A living wage refers to a theoretical level of income that allows an individual or a family to afford adequate housing, food and other basic necessities. The objective of a living wage is to enable workers to earn sufficient income for a satisfactory standard of living and to prevent them from falling into poverty. Economists suggest that a living wage should be substantial enough to guarantee that it is not spent more than 30% on housing.
Key points to remember
- A living wage is a socially acceptable level of income that provides adequate coverage for basic necessities such as food, shelter, childcare and health care.
- The living wage requires not to spend more than 30% on rent or mortgage and is sufficiently above the poverty line.
- It is often suggested that the living wage be slightly higher than the statutory minimum wage.
How a living wage works
The idea of a living wage and its effects on the economy are hotly debated. Critics argue that implementing a living wage establishes a wage floor, which hurts the economy. They believe that companies reduce the number of employees hired if they have to pay a raise. This creates higher unemployment, resulting in a dead loss, because people who would work for less than a living wage are no longer offered a job.
Proponents of a living wage, on the other hand, argue that paying employees higher wages benefits the business.
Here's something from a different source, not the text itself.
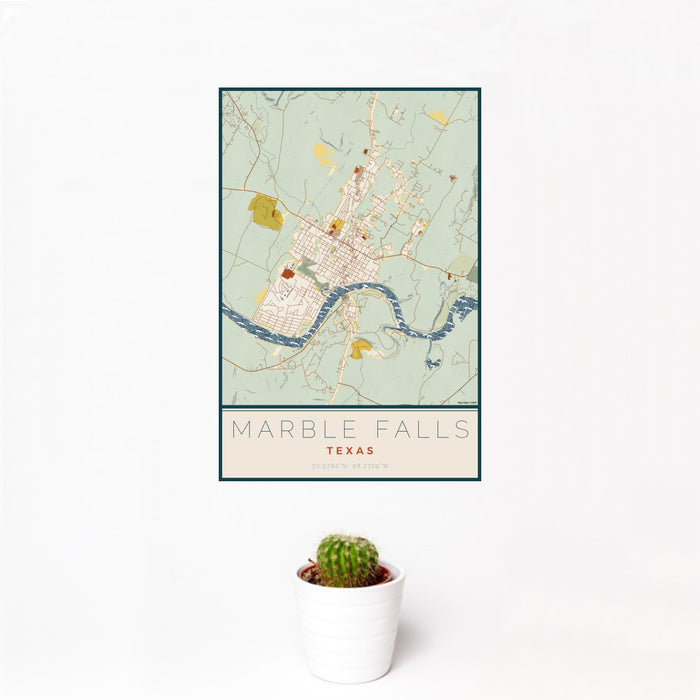 12x18 Marble Falls Texas Map Print Portrait Orientation in Woodblock Style With Small Cactus Plant in White Planter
They feel that employees who earn a living wage are more satisfied, which helps reduce staff turnover. This reduces the cost of recruiting and expensive training for the company. They also point out that higher wages boost morale. Employees with high morale should be more productive, which will allow the company to benefit from increased worker output.
The movement for workers to earn a living wage is not new. Boston shipwrights met in 1675 to demand higher wages. The American Federation of Labor (AFL), founded in 1886, offered a general living wage that adequately supported a family and maintained a higher standard of living than the European urban working class of the 19th century.
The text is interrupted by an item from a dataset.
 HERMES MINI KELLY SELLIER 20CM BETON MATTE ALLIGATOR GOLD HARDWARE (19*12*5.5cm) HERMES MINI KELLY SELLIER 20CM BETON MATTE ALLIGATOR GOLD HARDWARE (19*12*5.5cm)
Living wage and minimum wage
Many commentators argue that the federal minimum wage should be raised to match a living wage. They point out that the minimum wage does not provide enough income to survive because it does not increase with inflation; the minimum wage can only increase with the action of Congress. Although the dollar minimum wage has increased since its introduction by President Franklin Delano Roosevelt in 1938, the dollar amount has declined since 1968.
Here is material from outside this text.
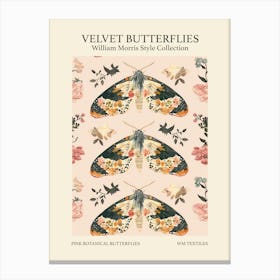 Velvet Butterflies Collection Pink Botanical Butterflies William Morris Style 2 Canvas Print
For example, in 2020, the federal minimum wage was $ 7.25 an hour with a constant dollar value of $ 7.80 an hour. In 1968, the federal minimum wage was $ 1.60 an hour, but had a constant value of $ 10.75 an hour. Most states have their own minimum wage laws to try to align it more closely with a living wage; however, in some states, the minimum wage is lower than the federal minimum wage, in which case the federal minimum applies.